Beabsichtigt die Polizei, wegen Fotos und Videoaufnahmen präventivpolizeilich einzuschreiten, erfordere dies eine konkrete Gefahr für ein polizeiliches Schutzgut. Dies sei eine Frage der tatsächlichen Umstände im Einzelfall. Dementsprechend gehe die verwaltungsrechtliche Rechtsprechung grundsätzlich in verfassungskonformer Auslegung der §§ 22, 23 des Kunsturhebergesetzes (KunstUrhG) davon aus, dass unzulässige Lichtbilder nicht auch stets verbreitet werden.
Sofern die Sicherheitsbehörden im Einzelfall sehr wohl die konkrete Gefahr einer solchen unzulässigen Verbreitung annähmen, bedürfe es hierfür tragfähiger Anhaltspunkte, so das BVerfG. Die bloße Möglichkeit einer strafbaren Verletzung des Rechts am eigenen Bild genüge nicht, um eine Identitätsfeststellung durchzuführen, da die Betroffenen sonst aus Furcht vor polizeilichen Maßnahmen auch zulässige Aufnahmen und die mit diesen nicht selten einhergehende Kritik an staatlichem Handeln unterlassen würden.

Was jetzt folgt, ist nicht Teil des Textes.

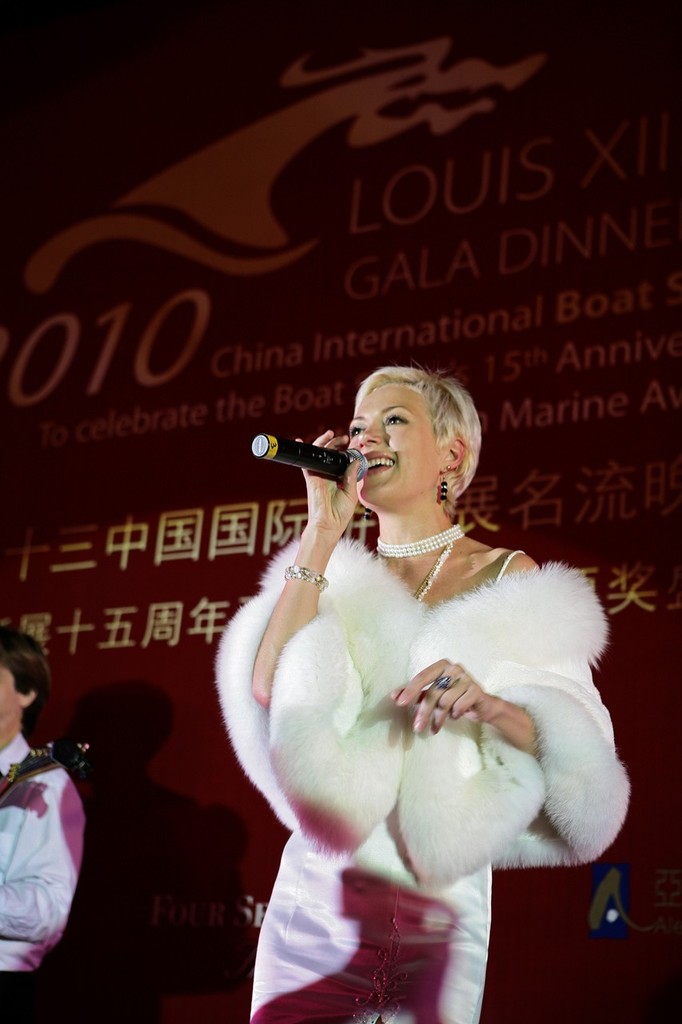 1st Asian Marine & Boating Awards, China International Boat Show 2010. A touch of glamour at the Awards ceremony.  © AMBA/CIBS 2010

Verbreitung nicht automatisch zu erwarten
Das BVerfG rügte die Annahme der Verwaltungsgerichte, dass die eingesetzten Polizeibeamten schon deshalb von einer Veröffentlichung der Aufnahmen im Internet ausgehen durften, weil ein anderer Grund die Aufnahmen anzufertigen für die Beamten nicht ersichtlich gewesen sei. Die Gerichte würden verkennen, dass der Anlass für die Aufnahmen darin lag, dass die Polizei selbst Bild- und Tonaufnahmen der Teilnehmer einer öffentlichen Versammlung anfertigte. Fertigten Versammlungsteilnehmer in dieser Situation ihrerseits Ton- und Bildaufnahmen von den eingesetzten Beamten an, könne nicht ohne nähere Begründung von einer konkreten Gefahr für ein polizeiliches Schutzgut ausgegangen werden.
Vielmehr sei zunächst zu prüfen, ob eine von § 33 Abs. 1 KunstUrhG sanktionierte Verbreitung oder öffentliche Zurschaustellung der angefertigten Aufnahmen tatsächlich zu erwarten ist, oder ob es sich bei der Anfertigung der Aufnahmen lediglich um eine Reaktion auf die von der Polizei selbst angefertigten Bild- und Tonaufzeichnungen handelt, die etwa auch der Beweissicherung mit Blick auf mögliche Rechtsstreitigkeiten dienen könne.